The voluntary application of SOX to associations is the number one topic according to a recent survey of Association issues. SOX has been in the news recently as a result of a GAO report and an SEC report on its effect on small companies. See www.sec.gov and www.gao.gov. Senator Demint of South Carolina has also introduced legislation to help small companies comply with SOX. It is also effecting the transatlantic merger of the NYSE and Euronext as European Governments express concern over incurring SOX requirements. See NYT of June 15,2006 at page C1. As desirable as it is, the costs associated with SOX audits are prohibitive for smaller associations but may be very effective for larger associations. The focus of concern has been on the section 404 requirement that includes a self assessment of internal controls and an auditor’s certification of that self assessment. The costs of those audit certifications have been much higher than expected but are going down as firms and auditors gain experience. The directors of an association may find it comforting to have such audit comfort but at what cost?
Public companies are required to comply with SOX but voluntary compliance is something not much discussed. There are two elements to the cost of such a voluntary audit. The first is the actual work done in reviewing the firm’s controls but the second is the attendant liability for the auditors. While we can assume it is less than for a public company, it does expose the auditor to all the association members and the government authorities if they are found negligent. The association’s officers and directors should assess whether voluntary SOX is the most efficient way to assure internal controls. There are many critics in the corporate accounting sector who do not like SOX especially as applied to small companies. They contend there are no realistic frameworks for the internal control audits because the COSO model is not adequate and its applicability to associations, especially smaller associations is even more questionable. Plexus believes that management together with their accountants can learn some lessons from SOX without being SOXED.
Internal controls have been around for a long time in the public sector and for financial institutions. They are an internal set of guidelines designed to insure that a firms books and records remain sacred. They can be as simple as a check disbursement policy or as complex as policies on the privacy of company records. An association that takes in member funds must insure that those funds are properly used and accounted for. There must be internal checks on management’s disbursal of the funds and an internal audit department is important, as is an independent audit committee. Control of management travel and entertainment expense is vital as is the audit of all contracts.
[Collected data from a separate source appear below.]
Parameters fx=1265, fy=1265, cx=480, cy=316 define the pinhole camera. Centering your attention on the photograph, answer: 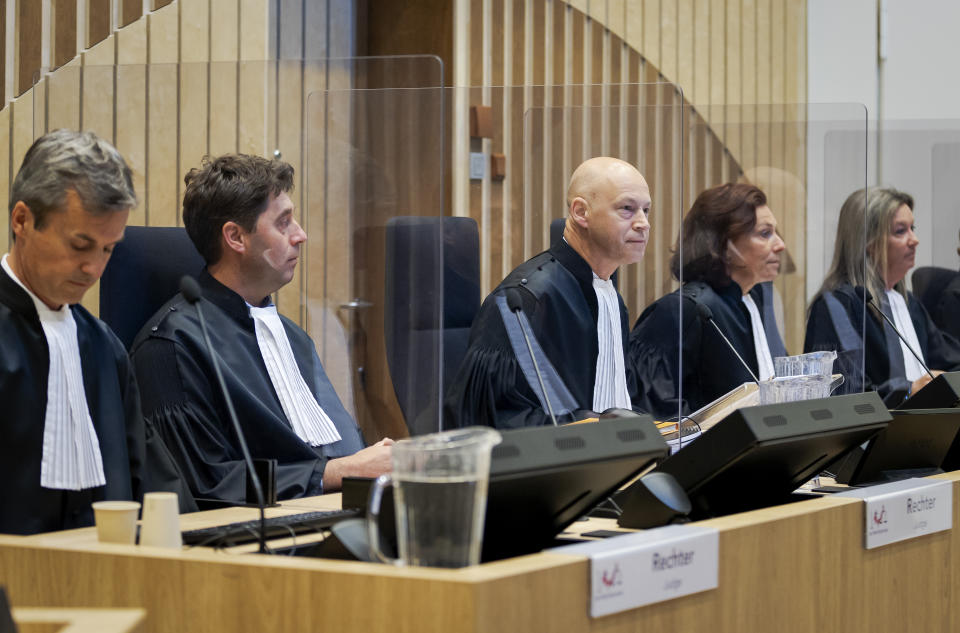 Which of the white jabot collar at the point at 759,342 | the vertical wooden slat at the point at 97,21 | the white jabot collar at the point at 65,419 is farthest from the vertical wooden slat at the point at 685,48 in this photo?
the white jabot collar at the point at 65,419

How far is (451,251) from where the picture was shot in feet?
11.8

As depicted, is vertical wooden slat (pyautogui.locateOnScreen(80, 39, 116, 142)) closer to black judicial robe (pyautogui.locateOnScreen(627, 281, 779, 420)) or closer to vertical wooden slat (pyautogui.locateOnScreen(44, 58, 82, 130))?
vertical wooden slat (pyautogui.locateOnScreen(44, 58, 82, 130))

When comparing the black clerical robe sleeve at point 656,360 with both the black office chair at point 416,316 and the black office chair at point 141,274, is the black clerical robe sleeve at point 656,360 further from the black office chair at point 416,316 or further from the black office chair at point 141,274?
the black office chair at point 141,274

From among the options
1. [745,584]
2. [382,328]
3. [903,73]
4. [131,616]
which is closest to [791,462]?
[745,584]

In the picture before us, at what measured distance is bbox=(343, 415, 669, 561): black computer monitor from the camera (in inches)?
61.9

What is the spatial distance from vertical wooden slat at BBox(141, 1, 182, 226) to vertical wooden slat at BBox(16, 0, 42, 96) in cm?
53

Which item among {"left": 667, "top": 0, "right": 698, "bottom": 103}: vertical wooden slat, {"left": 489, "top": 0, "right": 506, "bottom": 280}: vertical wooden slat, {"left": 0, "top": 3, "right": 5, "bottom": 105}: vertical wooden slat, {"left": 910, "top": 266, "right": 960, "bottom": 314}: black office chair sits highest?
{"left": 667, "top": 0, "right": 698, "bottom": 103}: vertical wooden slat

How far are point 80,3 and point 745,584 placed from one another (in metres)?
3.22

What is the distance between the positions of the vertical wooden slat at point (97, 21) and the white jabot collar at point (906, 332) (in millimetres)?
2922

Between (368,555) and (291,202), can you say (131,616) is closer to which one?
(368,555)

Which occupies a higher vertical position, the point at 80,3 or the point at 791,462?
the point at 80,3

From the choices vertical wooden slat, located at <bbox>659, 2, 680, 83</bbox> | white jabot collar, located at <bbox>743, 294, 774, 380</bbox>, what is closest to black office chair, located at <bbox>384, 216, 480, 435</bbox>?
white jabot collar, located at <bbox>743, 294, 774, 380</bbox>

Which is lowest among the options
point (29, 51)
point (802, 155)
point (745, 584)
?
point (745, 584)

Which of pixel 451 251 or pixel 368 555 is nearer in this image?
pixel 368 555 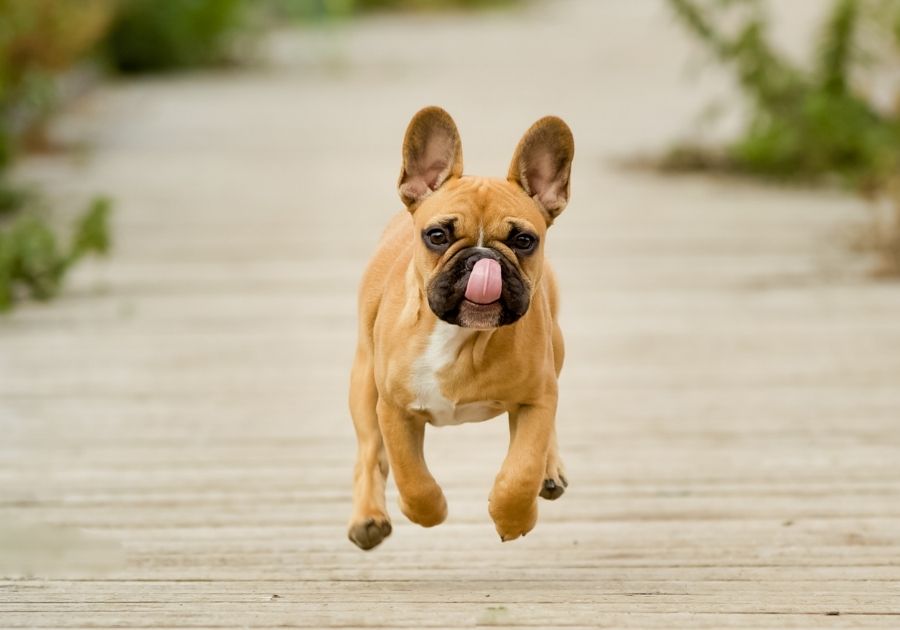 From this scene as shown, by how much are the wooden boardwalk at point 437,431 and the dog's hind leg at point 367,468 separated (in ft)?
0.73

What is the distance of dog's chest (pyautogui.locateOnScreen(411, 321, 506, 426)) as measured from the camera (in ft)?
15.1

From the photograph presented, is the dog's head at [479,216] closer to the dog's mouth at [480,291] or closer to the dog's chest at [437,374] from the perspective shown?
the dog's mouth at [480,291]

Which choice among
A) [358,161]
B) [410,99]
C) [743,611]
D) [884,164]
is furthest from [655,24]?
[743,611]

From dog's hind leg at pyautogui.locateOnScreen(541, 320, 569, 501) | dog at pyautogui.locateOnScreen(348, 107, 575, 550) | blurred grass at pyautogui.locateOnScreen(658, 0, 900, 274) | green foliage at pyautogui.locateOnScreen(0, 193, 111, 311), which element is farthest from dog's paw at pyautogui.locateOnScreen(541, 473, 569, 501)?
blurred grass at pyautogui.locateOnScreen(658, 0, 900, 274)

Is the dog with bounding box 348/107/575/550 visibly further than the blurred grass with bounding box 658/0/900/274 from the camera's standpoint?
No

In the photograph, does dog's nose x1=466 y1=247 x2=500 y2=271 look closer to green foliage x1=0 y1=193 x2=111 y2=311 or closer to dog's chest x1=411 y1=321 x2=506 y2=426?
dog's chest x1=411 y1=321 x2=506 y2=426

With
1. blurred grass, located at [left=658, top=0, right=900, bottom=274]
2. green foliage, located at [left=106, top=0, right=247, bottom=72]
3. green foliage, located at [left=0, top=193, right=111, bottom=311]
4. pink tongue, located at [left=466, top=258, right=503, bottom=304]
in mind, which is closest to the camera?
pink tongue, located at [left=466, top=258, right=503, bottom=304]

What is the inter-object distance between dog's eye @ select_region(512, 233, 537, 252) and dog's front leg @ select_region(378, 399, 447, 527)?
66 centimetres

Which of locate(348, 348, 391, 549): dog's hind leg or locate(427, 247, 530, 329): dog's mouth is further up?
locate(427, 247, 530, 329): dog's mouth

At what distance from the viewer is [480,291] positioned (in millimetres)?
4234

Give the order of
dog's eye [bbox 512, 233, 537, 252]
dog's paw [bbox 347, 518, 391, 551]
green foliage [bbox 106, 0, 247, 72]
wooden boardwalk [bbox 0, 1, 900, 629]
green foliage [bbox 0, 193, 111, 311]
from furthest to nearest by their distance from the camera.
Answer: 1. green foliage [bbox 106, 0, 247, 72]
2. green foliage [bbox 0, 193, 111, 311]
3. wooden boardwalk [bbox 0, 1, 900, 629]
4. dog's paw [bbox 347, 518, 391, 551]
5. dog's eye [bbox 512, 233, 537, 252]

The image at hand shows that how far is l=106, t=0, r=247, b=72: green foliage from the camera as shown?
2191cm

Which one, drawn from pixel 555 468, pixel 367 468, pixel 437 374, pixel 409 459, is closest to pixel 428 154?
pixel 437 374

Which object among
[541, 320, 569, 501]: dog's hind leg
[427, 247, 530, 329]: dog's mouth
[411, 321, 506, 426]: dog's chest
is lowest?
[541, 320, 569, 501]: dog's hind leg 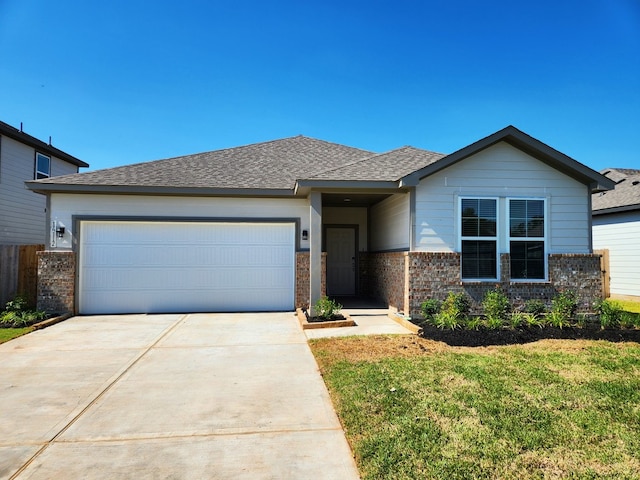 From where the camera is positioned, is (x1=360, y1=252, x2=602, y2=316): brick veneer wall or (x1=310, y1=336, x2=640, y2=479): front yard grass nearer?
(x1=310, y1=336, x2=640, y2=479): front yard grass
Hiring consultants to independently assess the association’s internal controls mat be useful. The key though is substance over form. In today’s environment any suggestion of the misuse of member funds will result in aggressive including criminal prosecution. If you can afford a real SOX audit you should consider one. If you can’t afford one an aggressive internal assessment is a good alternative. If you think nothing is required you are placing your professional career in jeopardy.
Peter J. Chepucavage, Esq. is a corporate attorney at Plexus Consulting Group, LLC, Washington, D.C.